The metaphor detection algorithm consists of the following steps:

  1. 1.

    Given the dependency patterns \(\barwedge (\mathcal {S}) \subset \triangle (\mathcal {S})\) on the parse tree, we retain the corresponding concepts (thus dropping patterns whose elements were not disambiguated), \(\mathcal {C}' = \bigcup _{\mathcal {C}} \; \barwedge (\mathcal {S});\) among concepts \(c' \in \mathcal {C}'\), we select target (that is, subj in both Type I and II metaphors) and source (dir-obj in Type I metaphors, and verb in Type II metaphors) of the metaphorical expression;

  2. 2.

    We label as metaphorical a sentence if the target concept is more abstract than the source concept.

3 Pilot Experimentation

The aim of this experimentation is to test in how far combining syntactic, conceptual and abstractness information can be helpful in unveiling the presence of metaphors. We experimented on the Master Metaphors List (MML), a set of metaphors compiled by Lakoff and others in the ’80s [4]. This corpus contains 1728 sentences, each sentence with at least one metaphor. From this set we extracted 75 sentences: we selected 40 sentences containing a metaphor of Type I, and 35 with a metaphor of Type II. We then collected 75 additional non metaphoric sentences (so to be able to compute the precision metrics, too); syntactic constructions similar to those characterizing sentences with Type I and Type II metaphors were preserved. The final data set is available at the URL ls.di.unito.it.

The system obtained a Recall of 0.70 and 0.74 on Type I and Type II, respectively, and a Precision of 0.56 (Type I) and 0.77 (Type II). The higher accuracy on Type II metaphors corroborates our hypothesis, thereby showing that for such (simpler) cases the comparison between target and source abstractness works fine. An explanation for the lower figures on Type I may stem from the fact that some Type I metaphors require projecting some features from the source onto the target (e.g., lawyers are sharks). In such cases, we conjecture that just considering the abstractness of the involved terms does not suffice, since the metaphor is best recognized by projecting the features of ferocity and dangerousness —which is proper to sharks— onto lawyers, as well.
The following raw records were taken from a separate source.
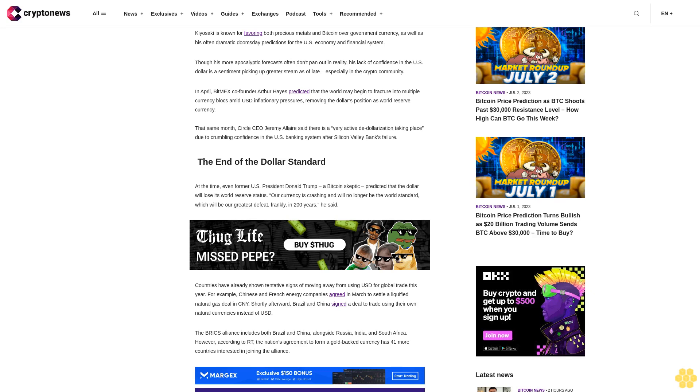The BRICS alliance includes both Brazil and China, alongside Russia, India and South Africa. However, according to RT, the nation's agreement to form a gold-backed currency has 41 more countries interested in joining the alliance.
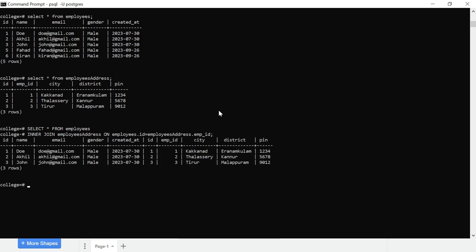The result is that the employee table will show full details. We will print three records because the employees table has five records total, but there are only three records in the address table. That is why we get three records.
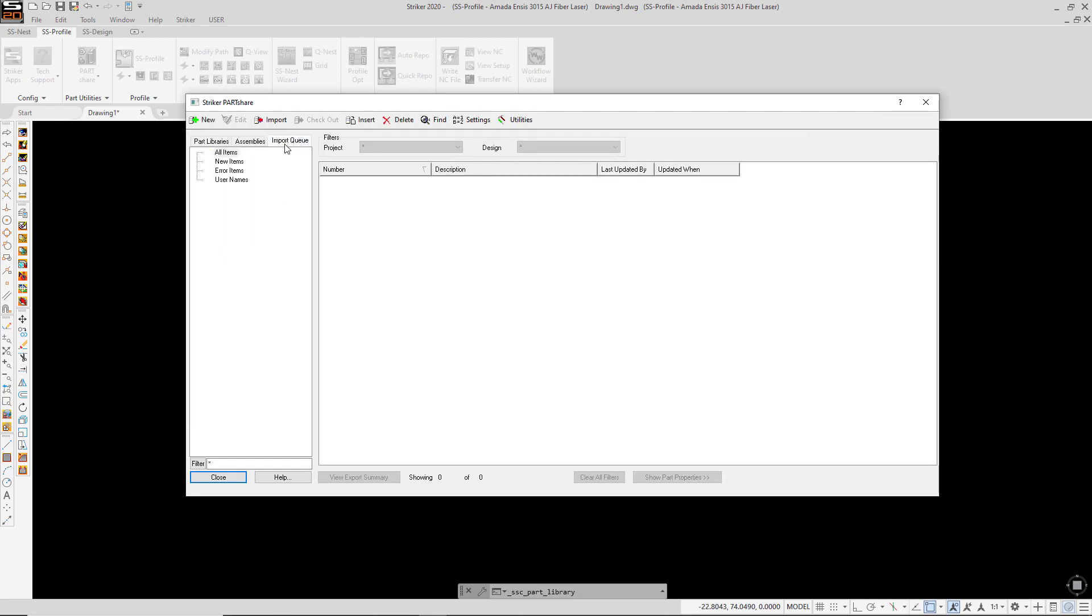Now many of you may not have used the Import Queue, but it is designed to allow you to import files, and historically that's been DXF and DWG files. But we have recently added the ability to import solid model files as well.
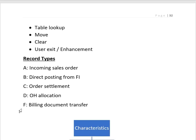Multiple record types are used in Profitability Analysis — similar to document types used in Financial Accounting. Record type A is used to store incoming sales orders, B is for direct posting from FI, C is for order settlement, D is for overhead allocation, and F is for billing document transfer.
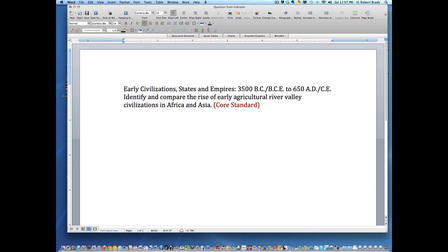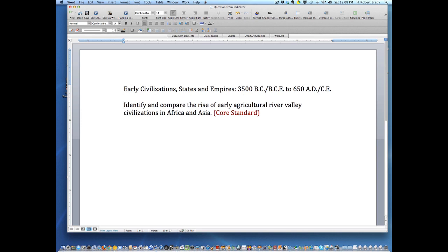Here is the indicator — let me push that down — the indicator is: identify and compare the rise of early agricultural River Valley civilizations in Africa and Asia. Now, what might actually become a question from this? Well, students are going to need to identify and compare, so let's see what we could do here.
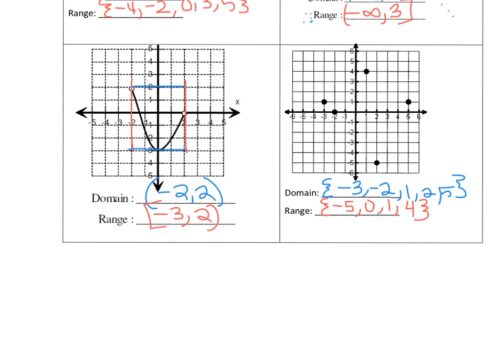Your assignment is on Google Classroom. Pull up the Google Slide assignment — it's drag and drop, so you're going to drag the correct domain and range onto the spots on the picture. Make sure whenever you get done that you turn it in on Google Classroom by Friday at 3:30. Hope you guys have a great day!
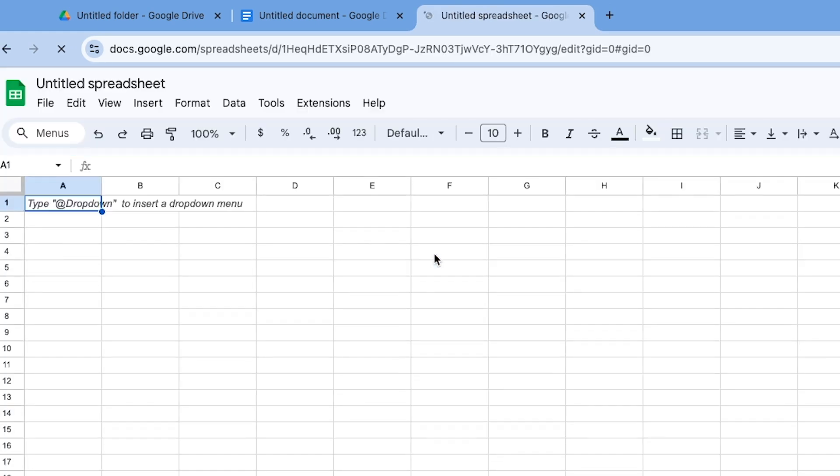Whether you use these shortcuts or the new hotkeys, using these little tricks can make your daily tasks in Google Drive just a little bit faster.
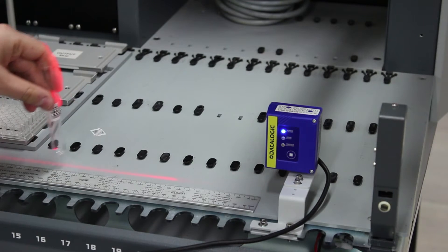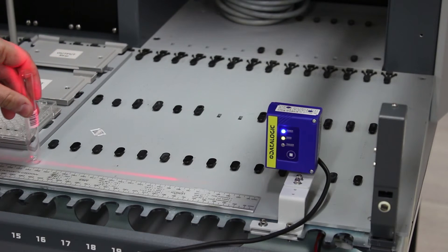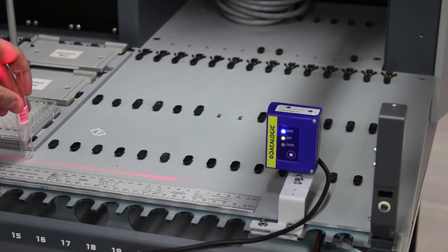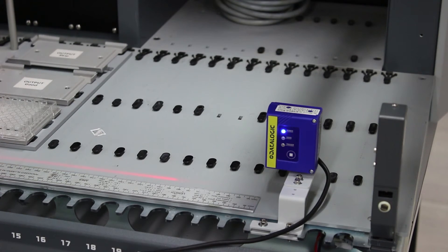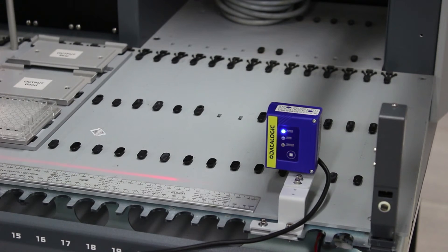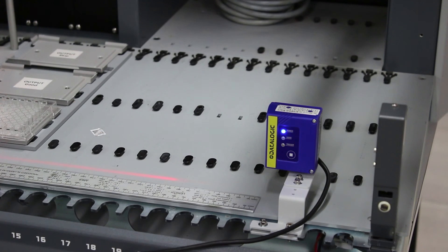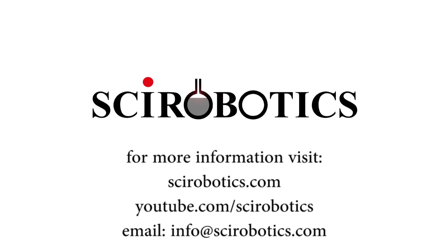The usable range for TubeID is any grid where both sticker barcodes and tube barcodes can be read. In this case, the usable range is between 10 and 36 cm away, or about 10 usable grids.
Remarkably, these are typically common-sense traits.

4 Conclusions

The experimental results seem to support the proposed approach, that puts together deep parsing, word sense disambiguation, common-sense knowledge and abstractness information. However, it also emerged that such approach needs further, substantial, efforts in order to deal with the widely varied linguistic constructions actually underlying metaphoric language. Grasping the semantics hidden in metaphors may be seen as the task of making explicit how abstract concepts, actions and properties can be explained through less abstract entities, or by resorting to common-sense traits that are transferred from the source to the target. The issue of explanation comes, in other words, together with the detection itself. Improving the whole system and providing it with explanatory skills will be the focus of our future work.